### SUPPLIED ENTRIES:
--------

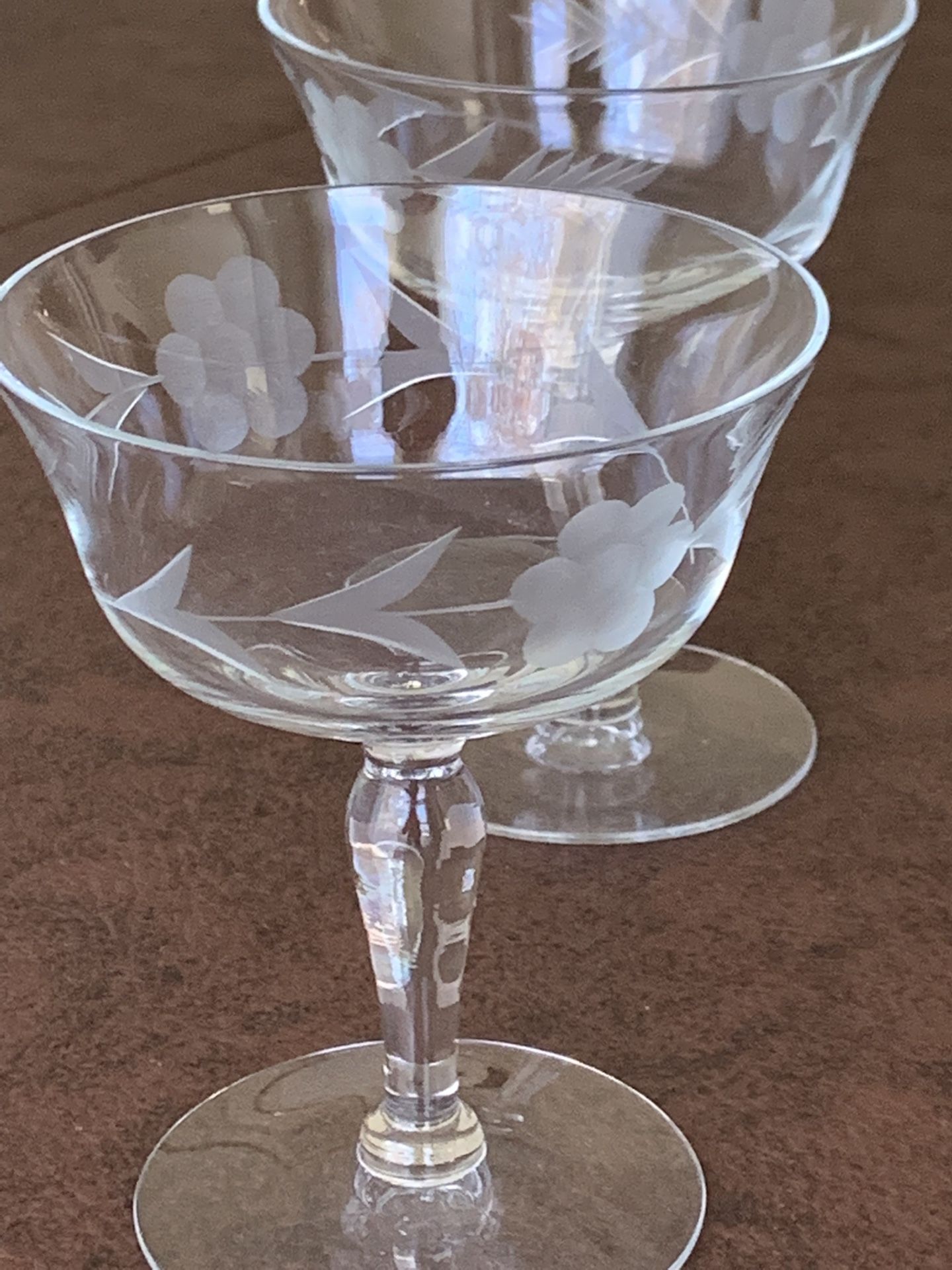 Vintage Libbey Etched Stemmed Claret Wine Glasses (Set of 5)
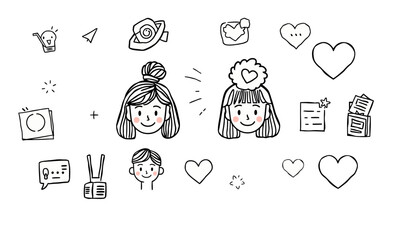 Cute doodles of two smiling girls with hearts, notes, and various icons, conveying playful and creative vibe. Perfect for social media or design projects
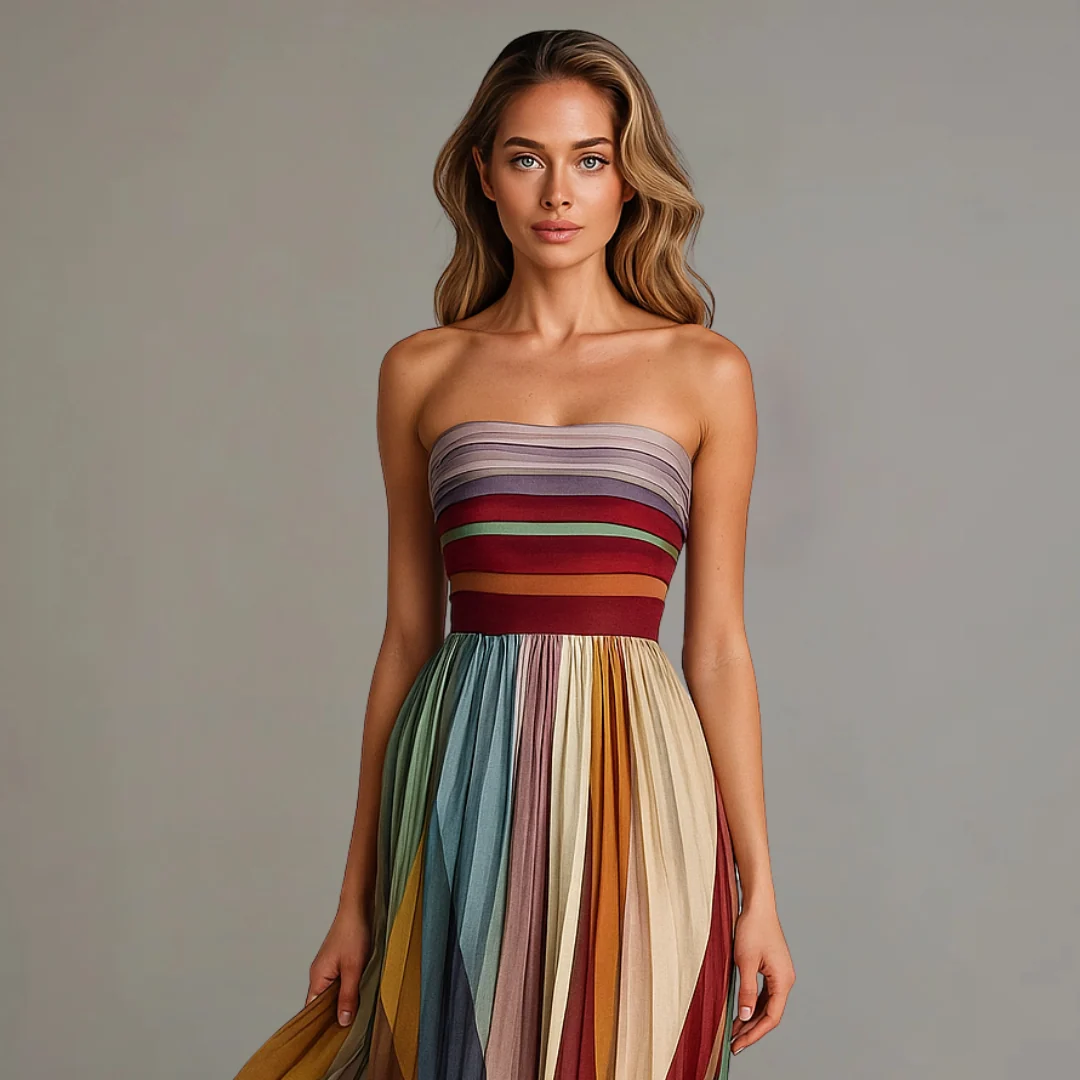 Womena??s Colorful Strapless Maxi Dress for Summer Occasions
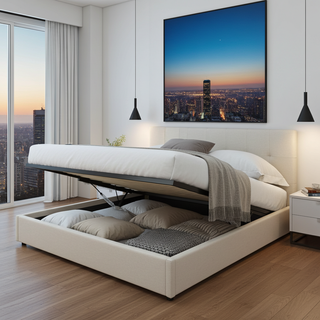 Mayalu Hurstville Gas Lift Storage Bed Frame Fabric Beige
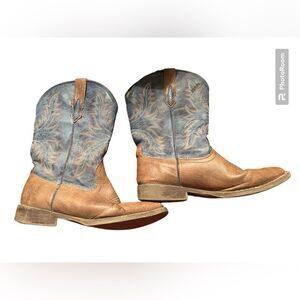 Youth Roper Size 3 Boots - blue brown Man made Materials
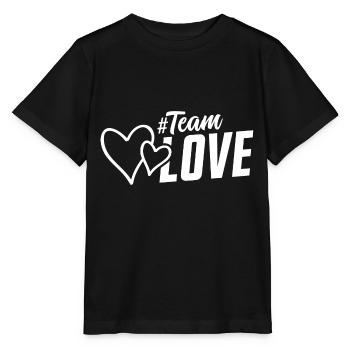 team love love hearts heart - Stanley/Stella MINI CREATOR Kids’ T-Shirt - black - Front - Mikhail (115cm)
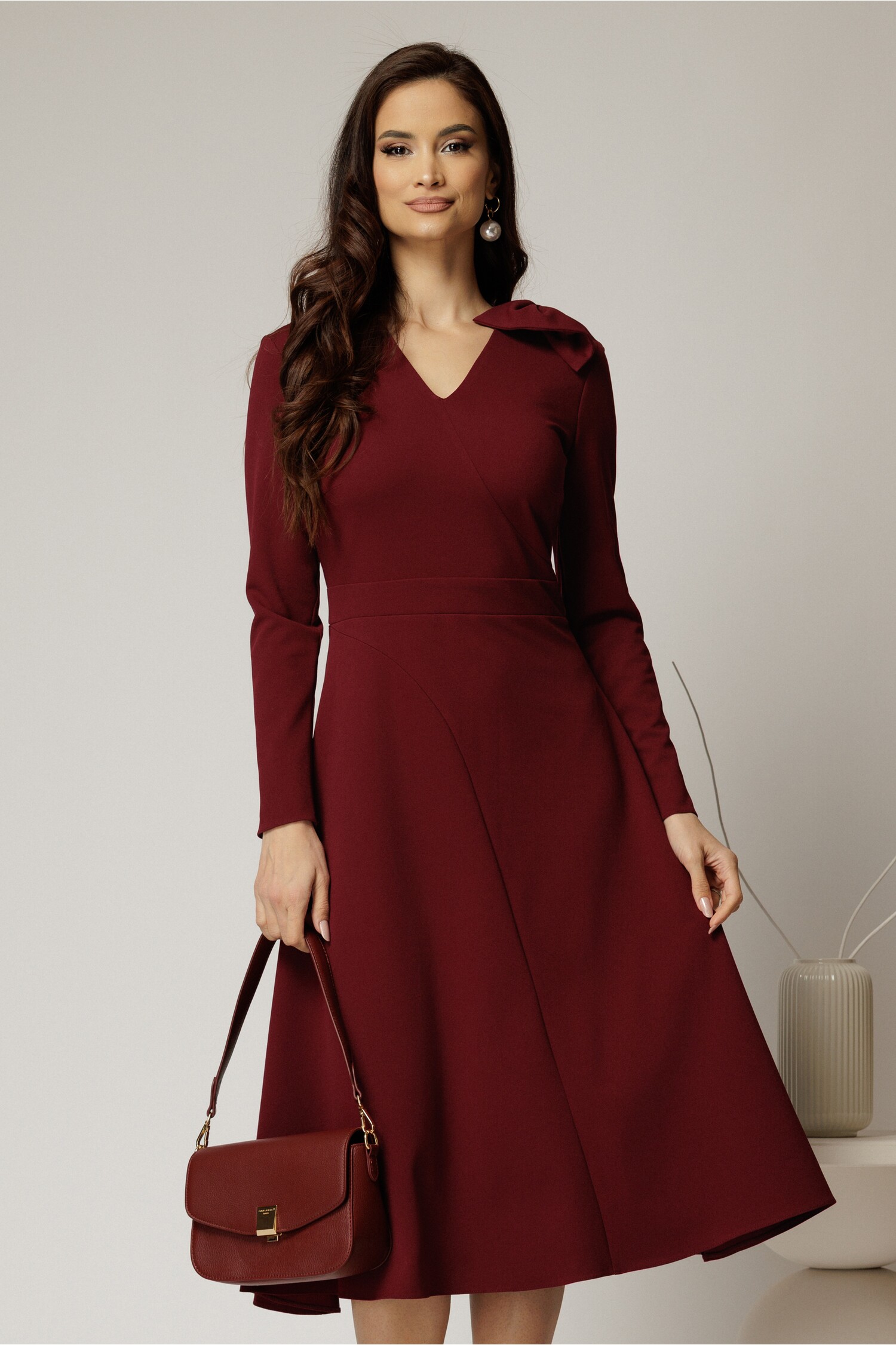 Rochie DY Fashion Bordo Midi Eleganta cu Funda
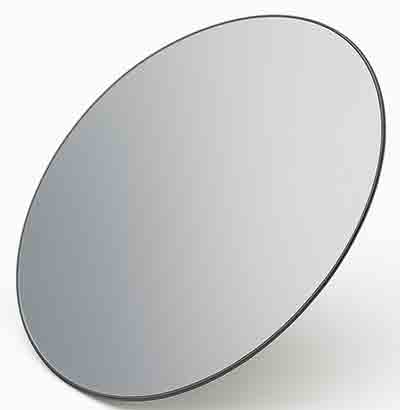 100mm bare silicon wafer angled on a white background with a polished mirror-like surface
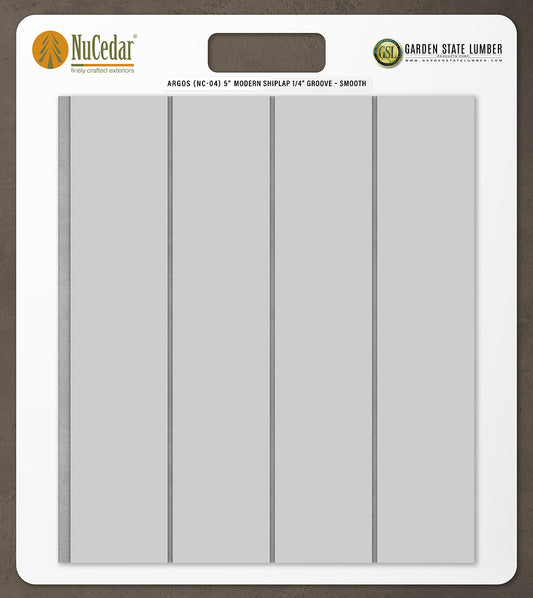 5″ Smooth T&G Modern Shiplap Strips - 2' x 2' Display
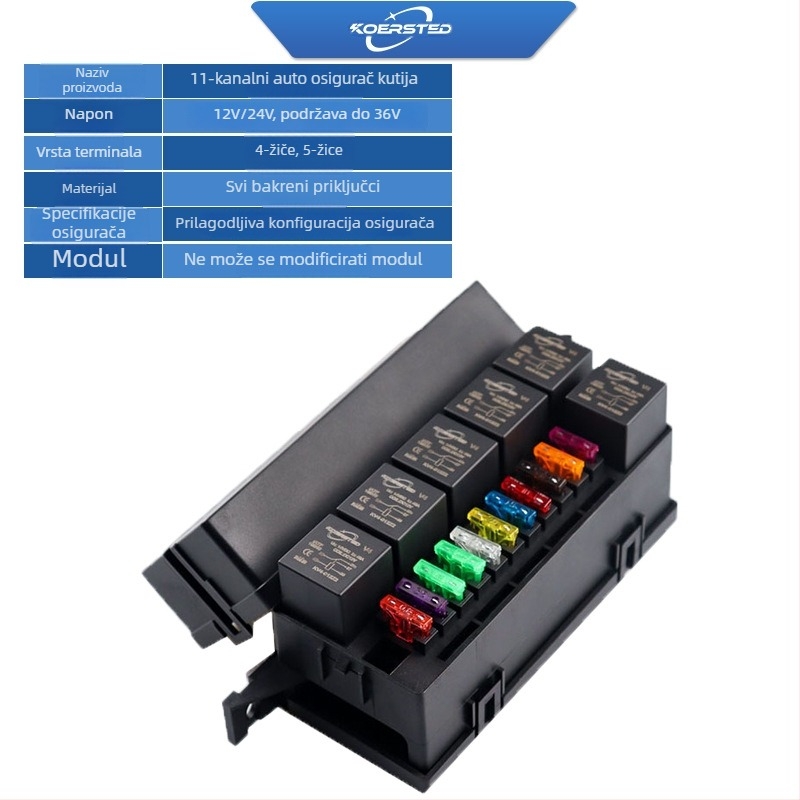 Koersted 11‑stupanjski osigurački blok s 6 releja za prostor motora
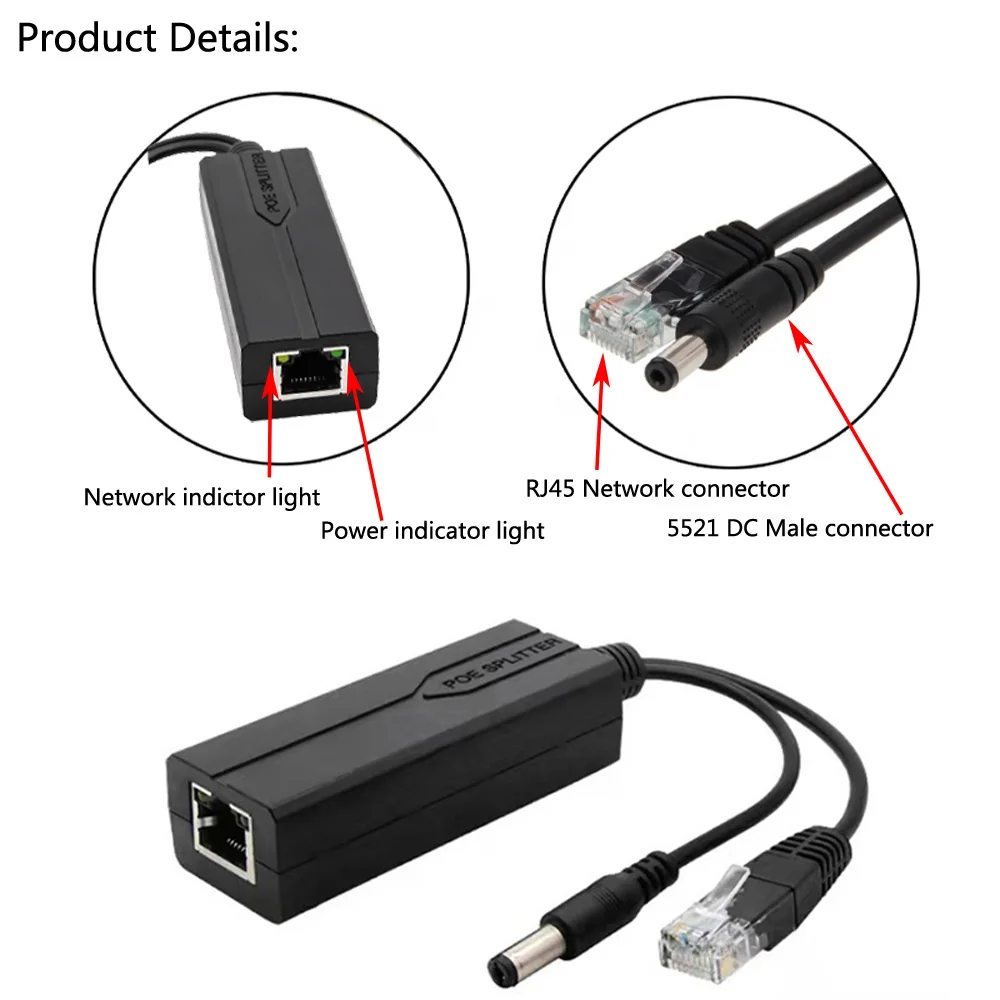 PoE Splitter – 48V to 12V IEEE802.3af/at Gigabit PoE Splitter for Network Cameras, ABS Plastic - Image 6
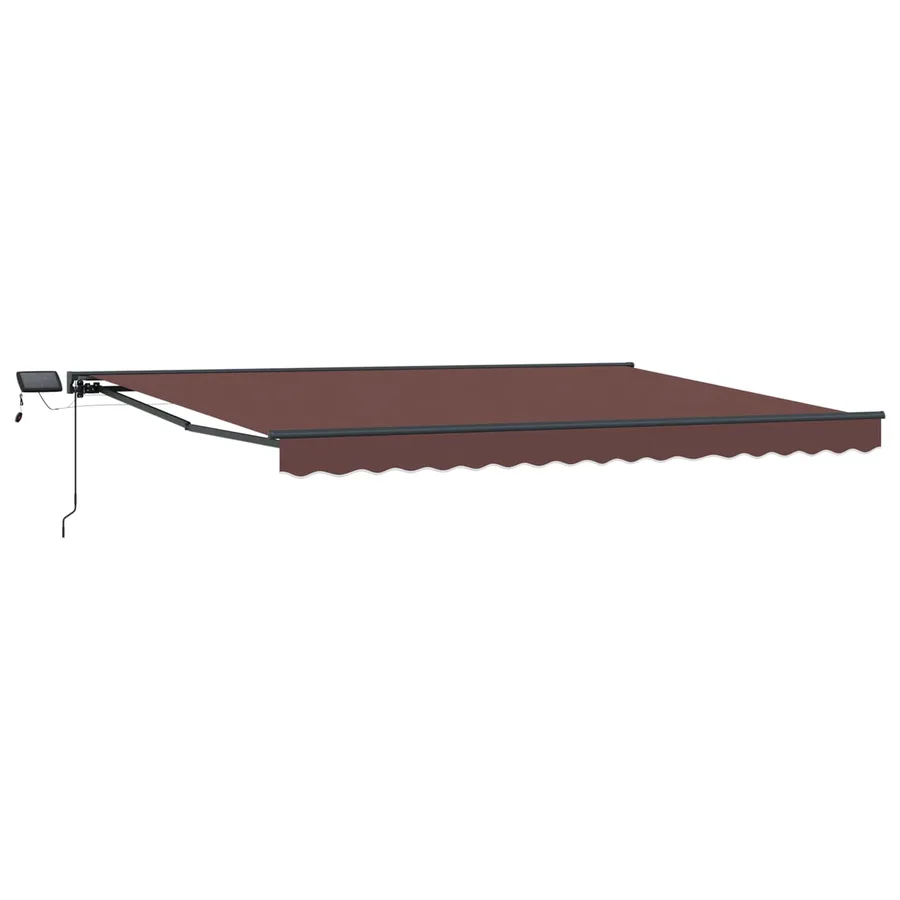Cadre de store manuel avec LEDs Marron et anthracite 4 × 3,5 m - 2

--------

### PROBLEM REQUIREMENTS:
Transcribe exactly the lines above, beginning at the one with "Womena??s Colorful Strapless" and going up to and including the one with "team love love". Pictures do not belong in the copy.

### WRITTEN SOLUTION:
 Womena??s Colorful Strapless Maxi Dress for Summer Occasions
 Mayalu Hurstville Gas Lift Storage Bed Frame Fabric Beige
 Youth Roper Size 3 Boots - blue brown Man made Materials
 team love love hearts heart - Stanley/Stella MINI CREATOR Kids’ T-Shirt - black - Front - Mikhail (115cm)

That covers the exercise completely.